CLEARWATER — Do a better job getting me where I want to go.

That was the message from many of the 800 Pinellas residents who picked up a ringing phone in February and agreed to take a survey about county services and quality of life. The county hired a consultant to conduct the study and county commissioners reviewed the results on Tuesday.

In one part of the survey, residents were asked to rate 13 categories ranging from law enforcement to water drainage. Did they exceed your expectations, meet them, or fall below? Respondents could also say they didn't know.

The categories with the most dissatisfaction: "mass transit options" and "road and sidewalk repairs."

In the first category, 14.8 percent of respondents who live in the unincorporated areas said the services are falling below their expectations; 76.8 percent said their expectations are being met; and 2.3 percent said the services exceeded their expectations.

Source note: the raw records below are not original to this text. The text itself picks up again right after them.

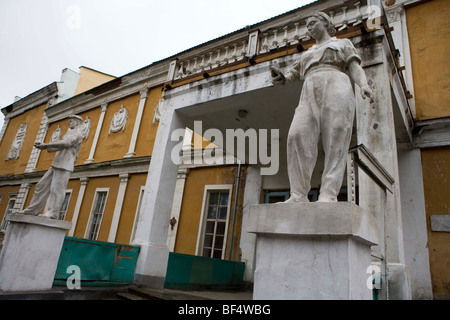 Arbeitnehmer Statuen am Eingang des alten sowjetischen civic Gebäude im ländlichen Russland Stockfoto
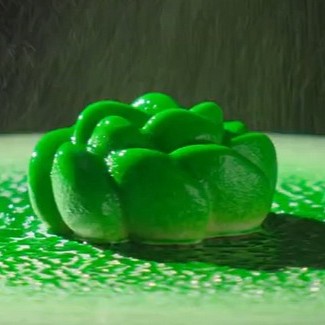 glaziranje sladice z zelenim mirror glaze sprejem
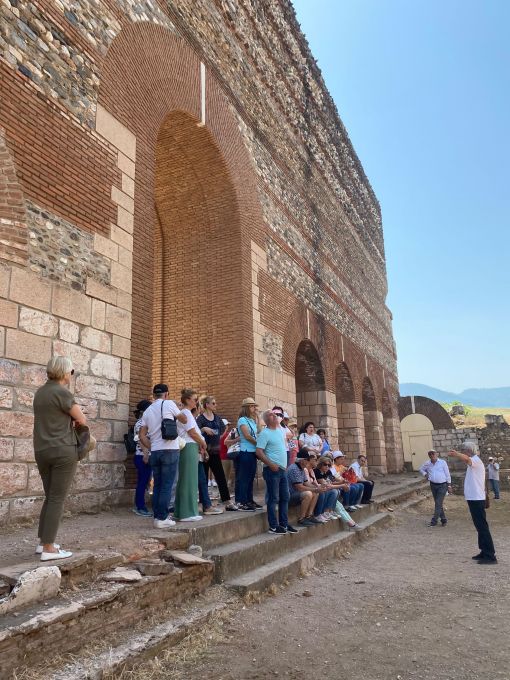  Salihli Eğitim Kültür ve Dayanışma Derneği -İzmir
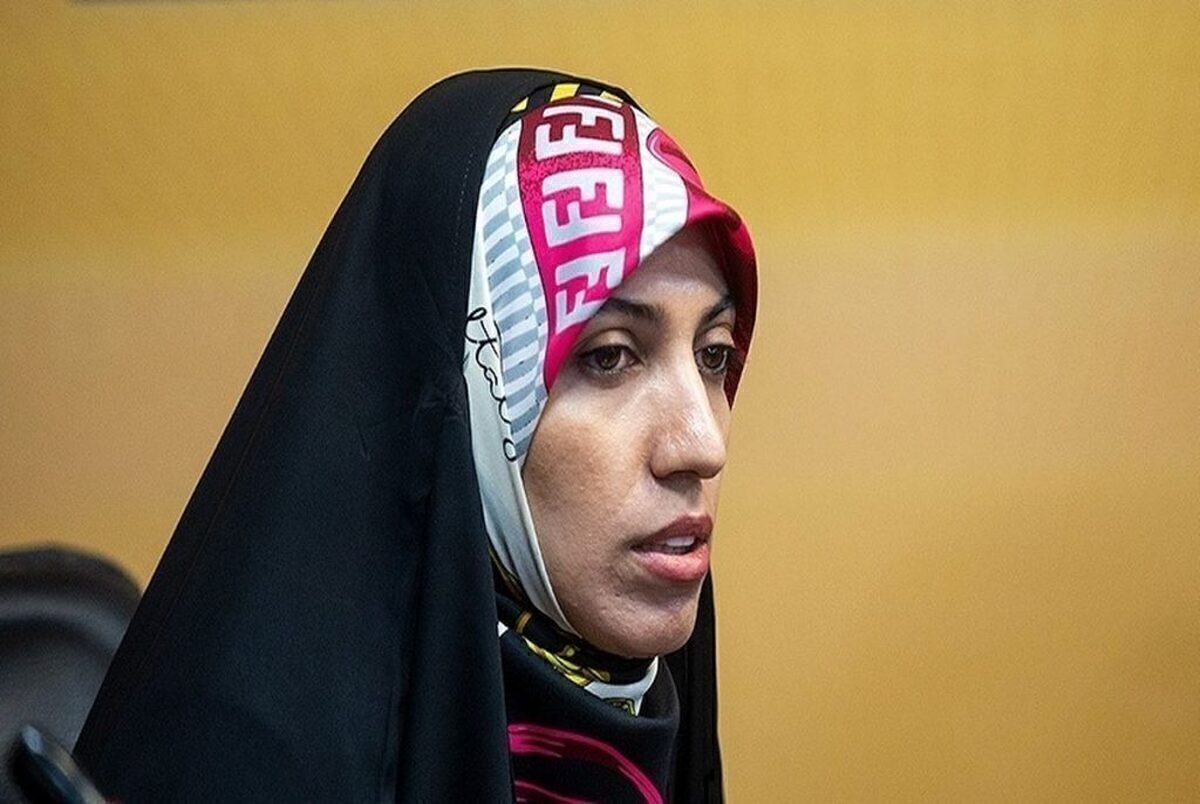عکسی از آمنه سادات ذبیحپور قبل از حمله اسرائیل به صداوسیما عکسی از آمنه سادات ذبیحپور قبل از حمله اسرائیل به صداوسیما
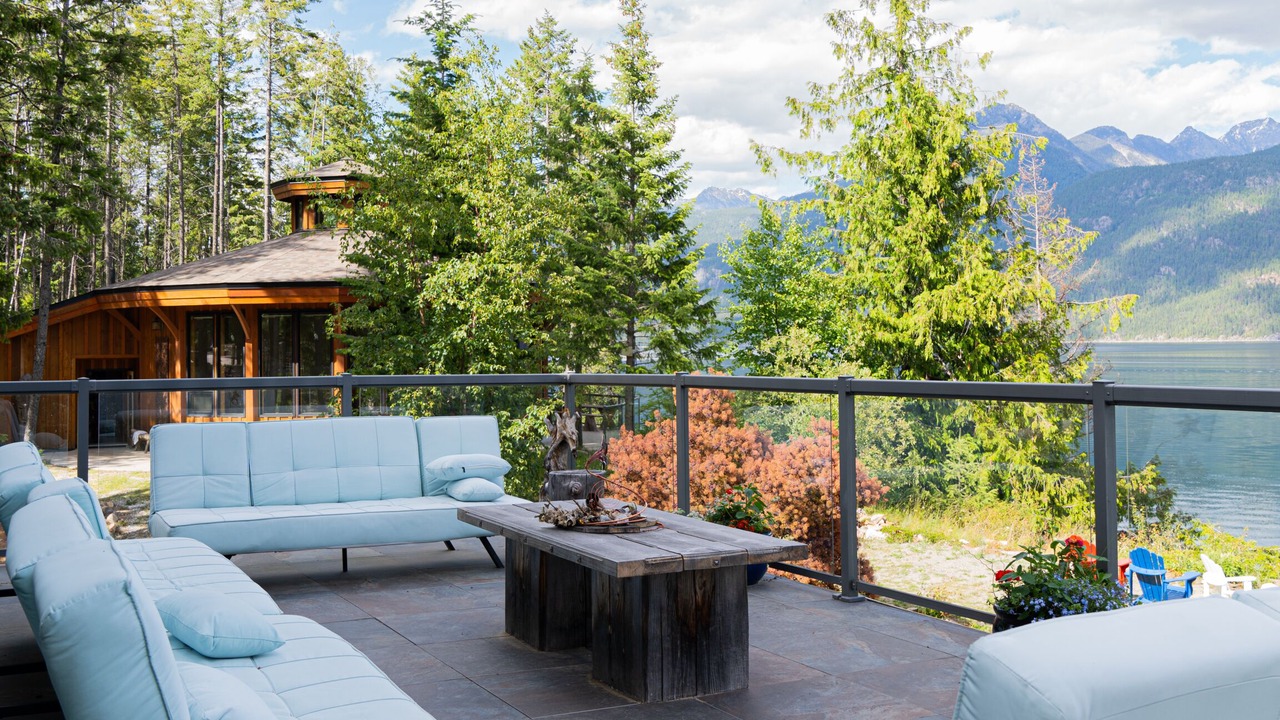 Photo of Patio Balcony in Kaslo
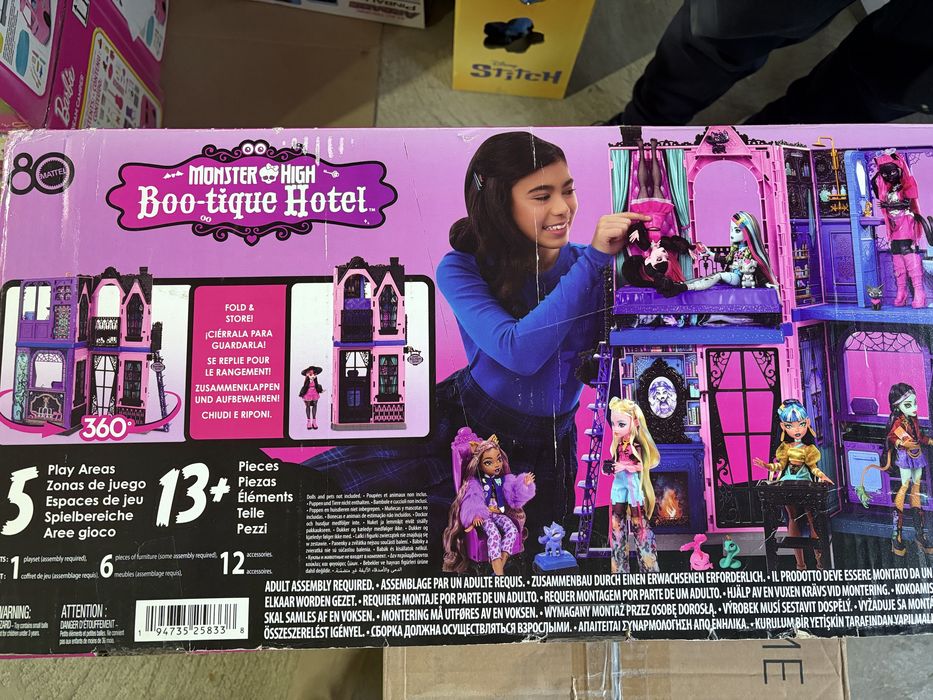 Monster High papusi si accesorii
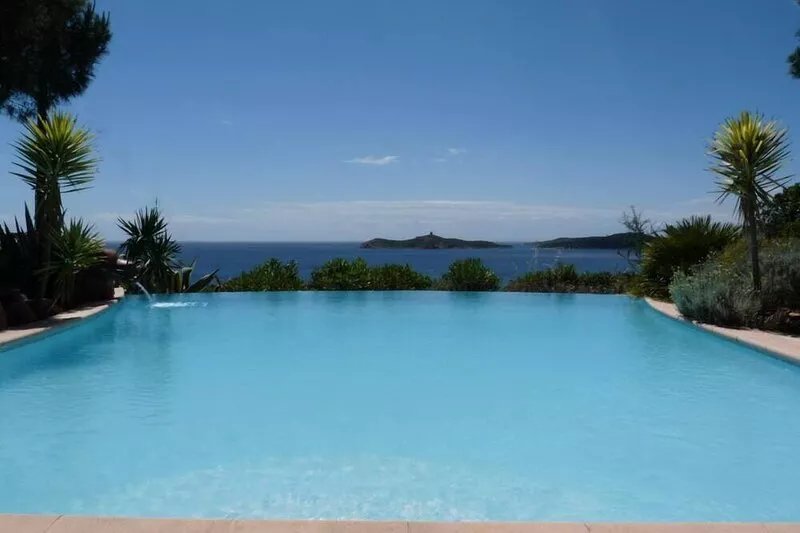 Villa sea view exception secure swimming pool - beach and sea 250 meters away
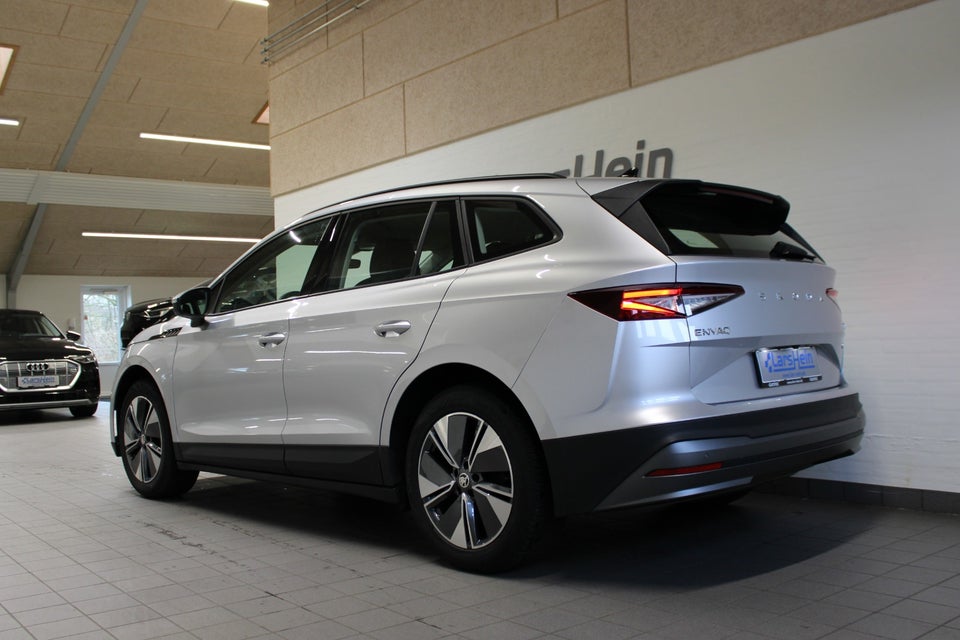 Skoda Enyaq 60 iV Loft 5d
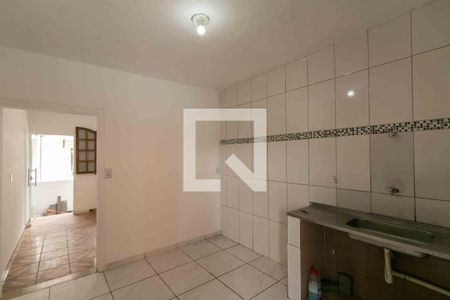 Cozinha de casa para alugar com 3 quartos, 55m² em Céu Azul, Belo Horizonte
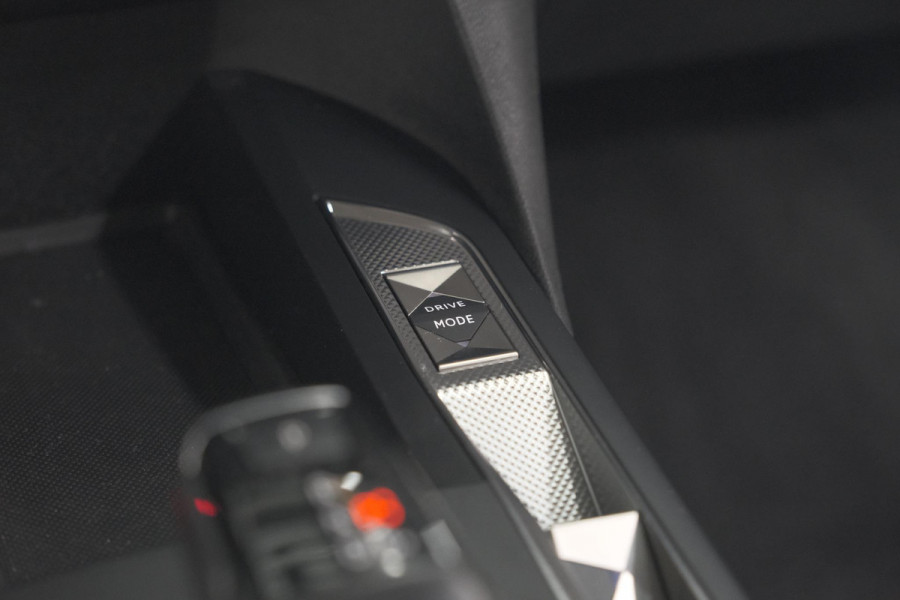 DS DS 3 Crossback E-Tense So Chic 50 kWh | Camera | Dodehoekdetectie | Apple Carplay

In the road and sidewalk category, 17.5 percent of respondents said services fell below expectations; 76 percent said their expectations are being met; and 5.7 said the services exceeds their expectations.

People who live in the county's cities and towns also were polled but the differences were not statistically significant.

The results aren't surprising to anyone who has been stuck in gridlock here, but they come at a time when mass transit is in the spotlight. Voters will decide on Nov. 4 whether to approve a 1-cent sales tax increase to pay for new bus routes and a 24-mile light rail line between St. Petersburg and Clearwater.

"Up until the economy went into the Great Recession, transportation has been the number one issue on everybody's mind for almost as long as I've been a county commissioner," said Chairwoman Karen Seel. "Now with the possible option of some transportation alternatives, that's obviously what's on people's minds, and they're expressing it."

Seel said road construction, which often requires making traffic worse to ultimately improve it, likely plays a role in the dissatisfaction.

The results also showed some dissatisfaction with the upkeep of vacant houses and commercial buildings.

All told, though, 9 of 10 respondents said they would recommend Pinellas as place to live and retire.